Write out exactly what each line says, starting with the first line below and ending on the one with "a brightly lit".
START STUDY MATERIAL
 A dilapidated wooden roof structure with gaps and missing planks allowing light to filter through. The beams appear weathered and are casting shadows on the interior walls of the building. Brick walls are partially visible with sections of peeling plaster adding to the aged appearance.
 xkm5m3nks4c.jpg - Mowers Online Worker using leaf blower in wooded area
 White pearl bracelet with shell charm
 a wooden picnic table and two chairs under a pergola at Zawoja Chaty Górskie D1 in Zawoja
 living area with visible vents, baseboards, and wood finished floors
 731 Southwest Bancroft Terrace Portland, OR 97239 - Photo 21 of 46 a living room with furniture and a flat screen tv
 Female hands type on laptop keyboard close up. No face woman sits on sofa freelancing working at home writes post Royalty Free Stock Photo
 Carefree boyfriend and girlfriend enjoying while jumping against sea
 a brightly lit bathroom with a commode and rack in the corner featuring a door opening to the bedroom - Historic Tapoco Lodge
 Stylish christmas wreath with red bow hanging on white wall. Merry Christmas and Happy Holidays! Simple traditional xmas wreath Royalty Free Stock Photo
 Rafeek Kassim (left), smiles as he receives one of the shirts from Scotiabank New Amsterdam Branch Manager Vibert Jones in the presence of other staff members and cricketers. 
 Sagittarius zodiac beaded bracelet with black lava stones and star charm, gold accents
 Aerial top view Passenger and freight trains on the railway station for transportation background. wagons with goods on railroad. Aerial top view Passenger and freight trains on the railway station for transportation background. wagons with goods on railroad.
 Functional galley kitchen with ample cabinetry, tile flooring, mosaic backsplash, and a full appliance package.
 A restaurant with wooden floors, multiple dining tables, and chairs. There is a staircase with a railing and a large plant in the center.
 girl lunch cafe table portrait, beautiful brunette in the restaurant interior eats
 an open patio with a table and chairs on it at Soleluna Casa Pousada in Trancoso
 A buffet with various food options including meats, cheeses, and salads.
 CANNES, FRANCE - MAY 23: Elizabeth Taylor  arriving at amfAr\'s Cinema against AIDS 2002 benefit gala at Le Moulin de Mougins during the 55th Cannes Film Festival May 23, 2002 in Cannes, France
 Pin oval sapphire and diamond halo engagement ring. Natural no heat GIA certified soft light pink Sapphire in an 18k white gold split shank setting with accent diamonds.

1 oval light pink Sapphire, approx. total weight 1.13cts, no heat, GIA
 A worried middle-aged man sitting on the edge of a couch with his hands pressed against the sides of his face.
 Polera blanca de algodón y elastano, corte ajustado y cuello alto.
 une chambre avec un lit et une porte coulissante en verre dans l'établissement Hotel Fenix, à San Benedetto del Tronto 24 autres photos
END STUDY MATERIAL
◆ SOLUTION TO THIS TASK
 A dilapidated wooden roof structure with gaps and missing planks allowing light to filter through. The beams appear weathered and are casting shadows on the interior walls of the building. Brick walls are partially visible with sections of peeling plaster adding to the aged appearance.
 xkm5m3nks4c.jpg - Mowers Online Worker using leaf blower in wooded area
 White pearl bracelet with shell charm
 a wooden picnic table and two chairs under a pergola at Zawoja Chaty Górskie D1 in Zawoja
 living area with visible vents, baseboards, and wood finished floors
 731 Southwest Bancroft Terrace Portland, OR 97239 - Photo 21 of 46 a living room with furniture and a flat screen tv
 Female hands type on laptop keyboard close up. No face woman sits on sofa freelancing working at home writes post Royalty Free Stock Photo
 Carefree boyfriend and girlfriend enjoying while jumping against sea
 a brightly lit bathroom with a commode and rack in the corner featuring a door opening to the bedroom - Historic Tapoco Lodge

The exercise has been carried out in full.